| Your instructions |
Retype the lines below exactly, from the one that contains "1.6 Turbo Plug" through the last, and leave every picture out.

(Brief descriptive captions)
====================

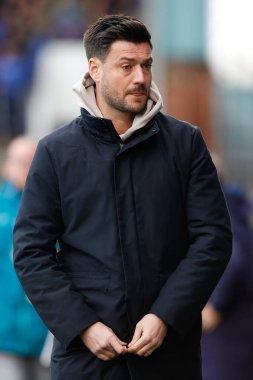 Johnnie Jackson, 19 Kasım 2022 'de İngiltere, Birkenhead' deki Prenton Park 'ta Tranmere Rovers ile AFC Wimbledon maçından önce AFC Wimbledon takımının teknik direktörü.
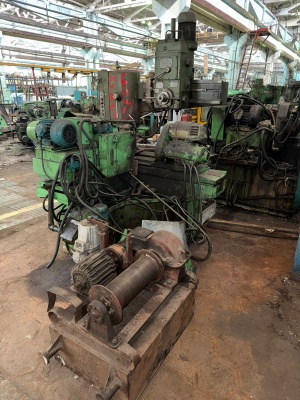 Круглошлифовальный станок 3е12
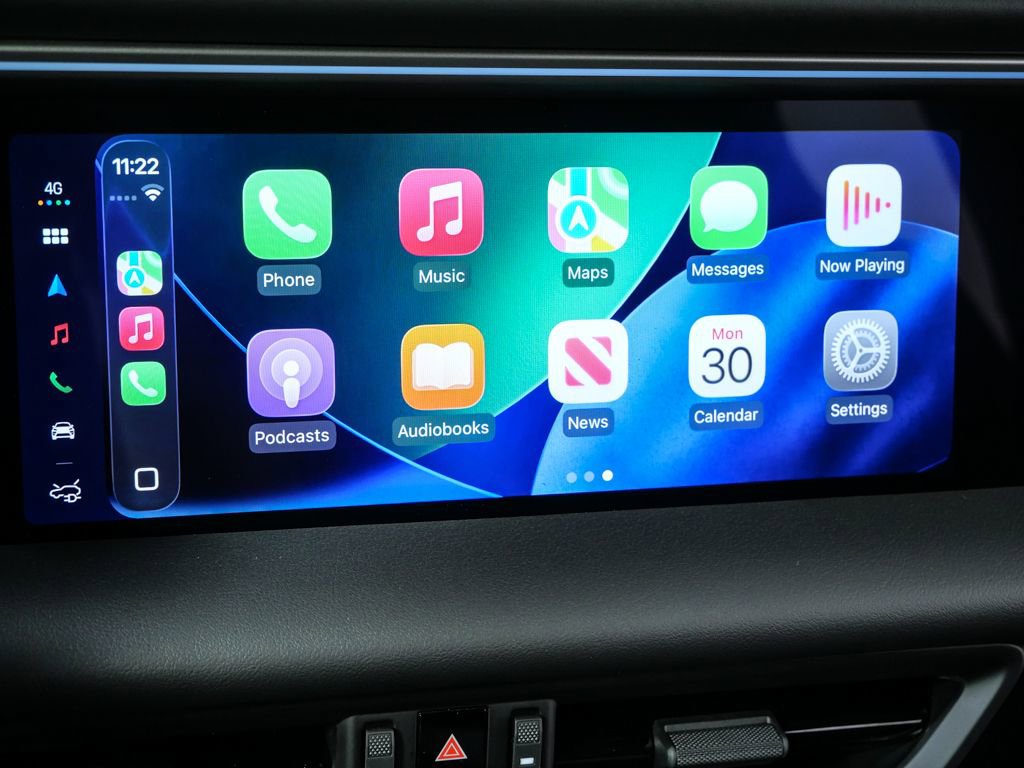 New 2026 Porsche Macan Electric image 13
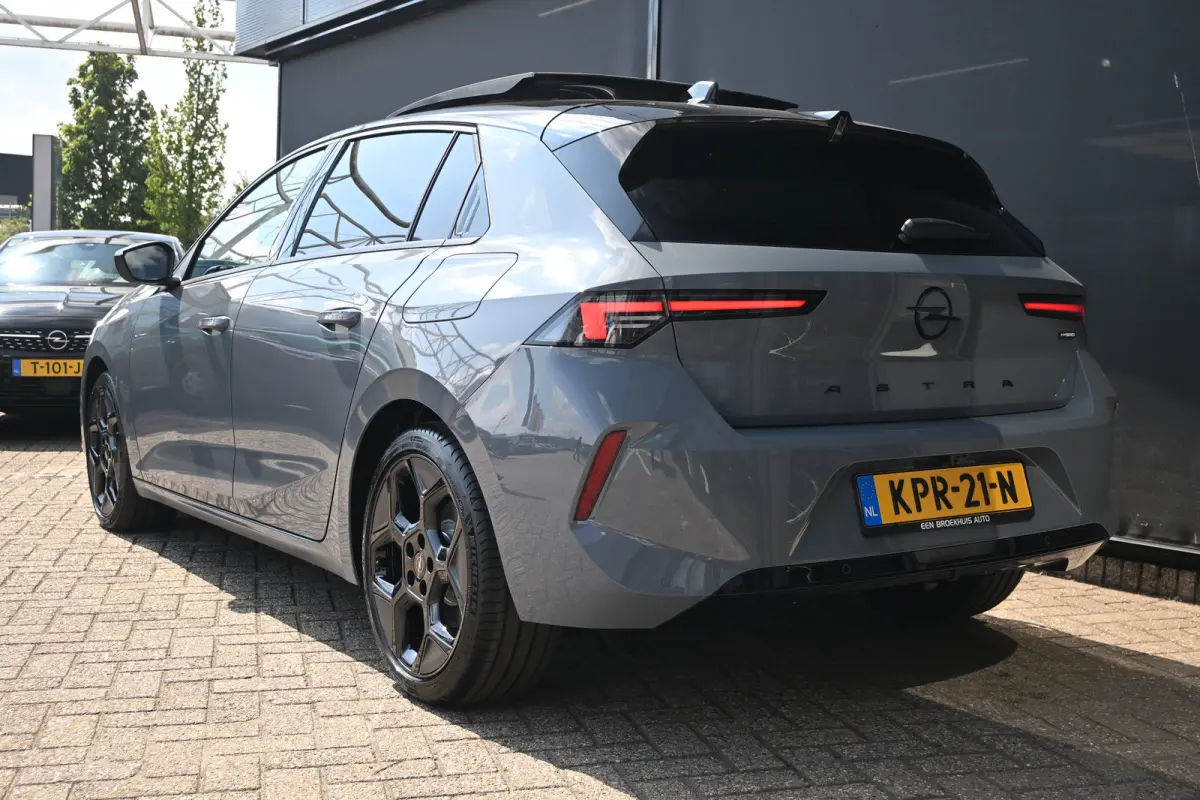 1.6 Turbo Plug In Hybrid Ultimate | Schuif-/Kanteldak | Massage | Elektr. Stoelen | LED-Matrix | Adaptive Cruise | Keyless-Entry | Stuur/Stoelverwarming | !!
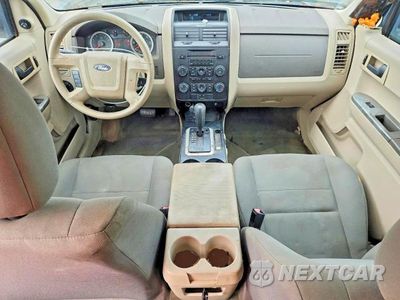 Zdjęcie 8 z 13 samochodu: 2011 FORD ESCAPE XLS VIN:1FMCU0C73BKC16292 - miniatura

====================

| Answer to this exercise |
 1.6 Turbo Plug In Hybrid Ultimate | Schuif-/Kanteldak | Massage | Elektr. Stoelen | LED-Matrix | Adaptive Cruise | Keyless-Entry | Stuur/Stoelverwarming | !!
 Zdjęcie 8 z 13 samochodu: 2011 FORD ESCAPE XLS VIN:1FMCU0C73BKC16292 - miniatura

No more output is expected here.